R Y A N ‘S F O R E C A S T

by Ryan Snyder


No layoffs coming from this Boss

A few might recall the time he played the tiny downtown Greensboro watering hole the Rhinoceros Club way back in 1985, while others will remember his two-night stand here before more than 30,000 at the Greensboro Coliseum only a few years later. The Saturday evening show will mark Bruce Springsteen’s ( seventh appearance at the coliseum and nothing has changed about his popularity since then. He’s already played the Super Bowl halftime show earlier this year and is holding down top billing at the biggest music festival in the country, so it’s safe to say that the Boss is on a roll right now.

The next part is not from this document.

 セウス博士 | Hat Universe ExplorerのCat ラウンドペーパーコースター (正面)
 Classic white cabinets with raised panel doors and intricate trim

His gargantuan tour extends for five months over 15 different countries and has featured guests like Mike Ness of Social Distortion and Jay Weinberg. His show’s set lists have been more or less consistent thus far, so you can expect a “Badlands” opener and “Born to Run” as the closer. The four- or five-song encores, however, are where the diversity lie, as “Rosalita,” “Thunder Road,” “Tenth Avenue Freeze-Out” and, when time permits, “Glory Days,” have all popped up. The show starts at 7:30 p.m. and tickets range from $65 to $95.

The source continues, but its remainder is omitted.